▶ [WHAT TO WORK ON]:
Look for the word "Picture" in the entries and copy every line where it shows up.

Short web captions:
········

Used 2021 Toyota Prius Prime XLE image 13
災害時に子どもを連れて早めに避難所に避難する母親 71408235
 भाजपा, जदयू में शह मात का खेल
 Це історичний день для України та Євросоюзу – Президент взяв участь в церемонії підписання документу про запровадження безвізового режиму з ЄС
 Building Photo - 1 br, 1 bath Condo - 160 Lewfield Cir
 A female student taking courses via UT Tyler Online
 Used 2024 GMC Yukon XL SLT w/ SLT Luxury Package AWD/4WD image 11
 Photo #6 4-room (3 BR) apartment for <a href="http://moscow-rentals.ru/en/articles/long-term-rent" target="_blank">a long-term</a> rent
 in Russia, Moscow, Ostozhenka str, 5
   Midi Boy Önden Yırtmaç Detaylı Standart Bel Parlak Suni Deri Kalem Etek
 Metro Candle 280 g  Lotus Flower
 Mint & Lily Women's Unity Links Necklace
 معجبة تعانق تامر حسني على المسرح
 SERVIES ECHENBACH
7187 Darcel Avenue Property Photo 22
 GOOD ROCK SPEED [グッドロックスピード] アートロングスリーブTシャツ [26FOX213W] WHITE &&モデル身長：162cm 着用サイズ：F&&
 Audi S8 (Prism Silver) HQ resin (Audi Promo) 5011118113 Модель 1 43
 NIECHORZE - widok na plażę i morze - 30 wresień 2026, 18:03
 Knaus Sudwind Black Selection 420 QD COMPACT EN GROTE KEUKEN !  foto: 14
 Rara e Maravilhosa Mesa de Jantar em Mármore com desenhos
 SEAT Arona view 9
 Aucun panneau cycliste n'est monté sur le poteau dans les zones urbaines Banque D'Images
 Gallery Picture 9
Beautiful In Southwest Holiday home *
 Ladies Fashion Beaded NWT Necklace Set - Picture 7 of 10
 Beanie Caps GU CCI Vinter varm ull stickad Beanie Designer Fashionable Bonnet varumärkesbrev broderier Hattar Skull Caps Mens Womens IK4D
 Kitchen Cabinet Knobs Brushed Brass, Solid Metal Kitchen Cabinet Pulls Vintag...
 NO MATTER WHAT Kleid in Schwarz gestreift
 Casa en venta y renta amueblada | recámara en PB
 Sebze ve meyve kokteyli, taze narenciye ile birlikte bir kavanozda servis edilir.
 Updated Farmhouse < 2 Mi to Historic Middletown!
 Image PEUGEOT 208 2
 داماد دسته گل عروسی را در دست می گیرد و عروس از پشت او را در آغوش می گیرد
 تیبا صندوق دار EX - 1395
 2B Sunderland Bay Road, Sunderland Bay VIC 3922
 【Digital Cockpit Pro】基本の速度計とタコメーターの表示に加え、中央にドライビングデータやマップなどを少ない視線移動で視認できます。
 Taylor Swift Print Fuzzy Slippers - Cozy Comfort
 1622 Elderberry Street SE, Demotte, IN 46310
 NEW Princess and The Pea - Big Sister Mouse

········

▶ [PROBLEM SOLUTION]:
 Gallery Picture 9
 Ladies Fashion Beaded NWT Necklace Set - Picture 7 of 10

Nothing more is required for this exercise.